Micro-batch analytics have a few great advantages:
- They are easy to debug and to develop offline
- They can require a relatively large bunch of data
- They can re-process data when needed
Unfortunately, these analytics waste resources on checking the availability of data continuously. A good compromise is to use streaming analytics for simple rules, signal processing, and to also register the last timestamp of the data availability of the specific equipment.
The following diagram shows the proposed implementation:
Batch and streaming analytics
Data is acquired from sensors and feeds the streaming analytics layer. Data points can be cleaned and a simple rule can be applied. In parallel, we register the last timestamp and we store the cleaned data in the storage layer. Micro-batch analytics are activated by the data’s availability.
Several cloud-based solutions support additional features for stream analytics such as windowing, which refers to the ability to collect a small batch of data before processing it. We saw this feature previously in our custom architecture and during the Azure exercise.
Analytics can also be triggered by unpredictable events such as human interactions or rare events such as the abrupt shutdown of a piece of equipment that is being monitored. The previous framework remains valid; we simply trigger the execution based on a rule condition.
It’s a different story, however, if a human wants to work with these analytics to perform, for instance, a what-if scenario, or to discover a specific pattern.
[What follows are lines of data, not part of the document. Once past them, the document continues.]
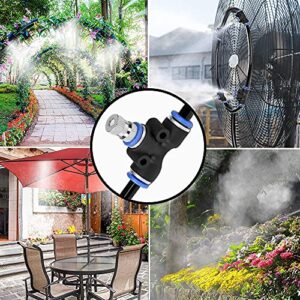 Fan Misting Kit, Outdoor Fan Misting Cooling System with 19.68 Ft Misting Line Outdoor Fan Misters for Cooling Patio Garden Greenhouse Breeze (Fan not Included)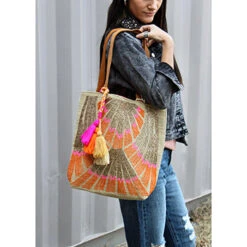 Pink & Gold Beaded Boho Tote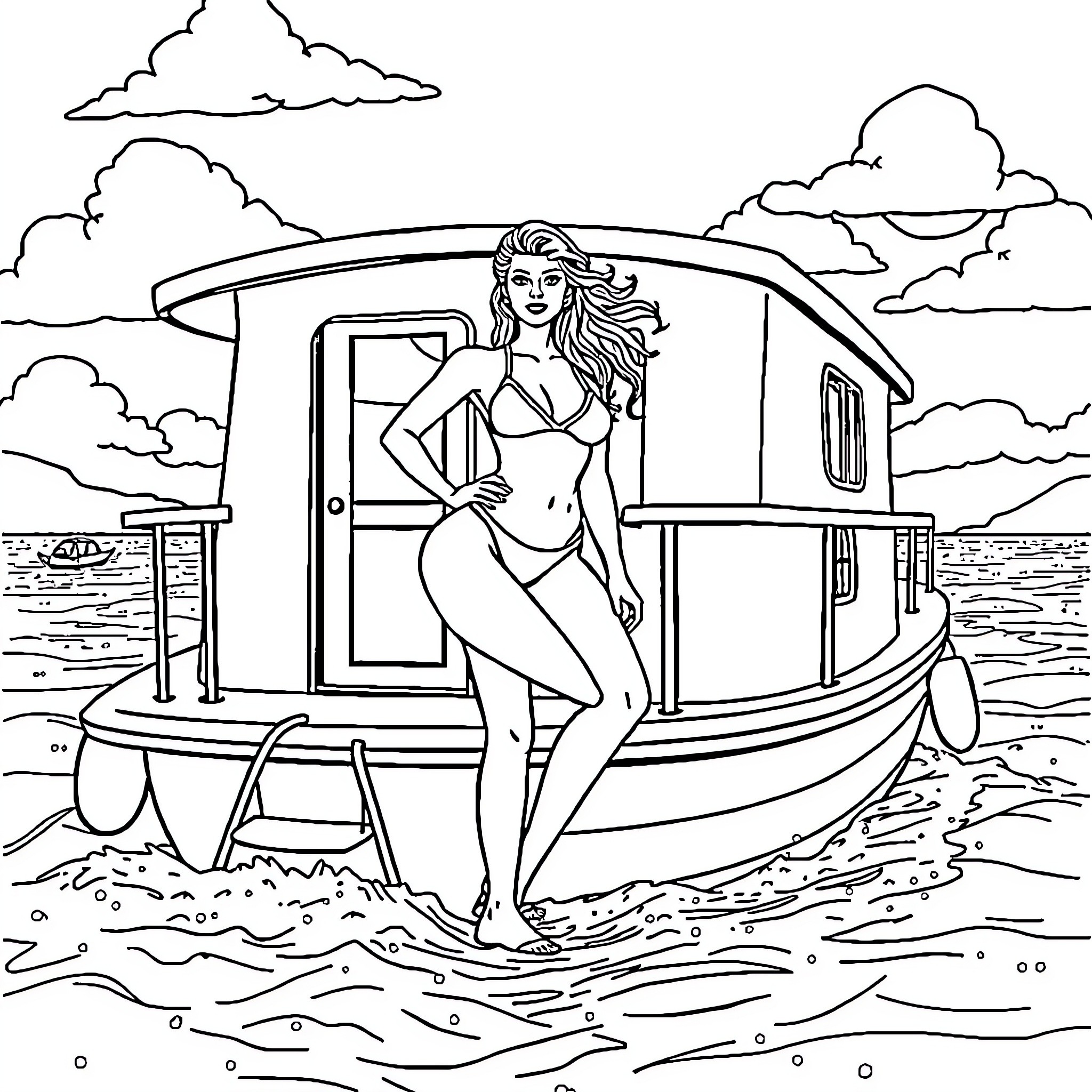 Model posing confidently near a houseboat Coloring Page (free black-and-white line drawing printable PDF for all, from beginners to advanced learners, including children, teens, adults, and seniors)
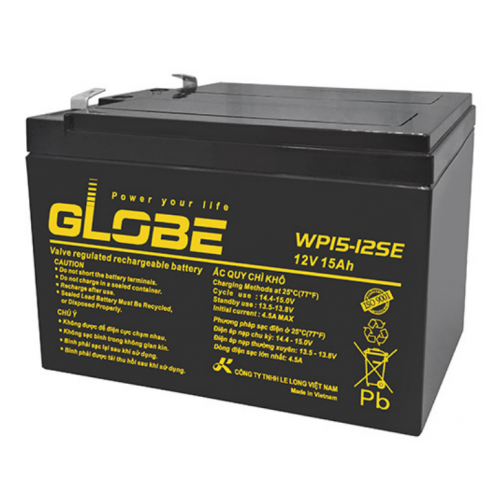 ẮC QUY KÍN KHÍ (VRLA AGM) GLOBE 12V-15Ah, WP15-12SE F2 (CỰC JACK)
Interactive analytics represents a combination of queries, a user interface, and a core for the analytics. It is not possible to define the best method or technology to implement interactive analytics. The best suggestion is to keep the core of the analytics in a shared library and to develop the user interface with a small micro-app that uses a common framework such as Power BI, Google Data Studio, Python-based libraries such as Dash, Bokeh, or D3.js (https://d3js.org/), or R-based libraries such as R shiny (https://shiny.rstudio.com/). Alternatively, we can use more advanced tools such as Jupyter (http://jupyter.org/) or Apache Zeppelin (https://zeppelin.apache.org/).
Analytics on the cloud
Cloud analytics offer the best advantages, but also have two important disadvantages. They can be deployed and managed easily and they can scale rapidly. They can also work on a large amount of data over the entire fleet and cross-assets. However, they cannot process high frequency data (more then 100 GB every hour with a sampling interval of less than 1 ms). This issue is not due to the cloud analytics themselves, but due to the bandwidth. The latency of the network causes a problem because cloud analytics cannot work with low latency. For these special cases, we prefer to run on the edge.
Analytics on the edge
On-edge analytics are the newest class of analytics in the IoT and the oldest class of analytics in the industrial sector. Indeed, industries started developing analytics on the controller from the beginning. Recently, the idea that everything should be cloud-based has become less important and vendors have started deploying cloud analytics on the edge.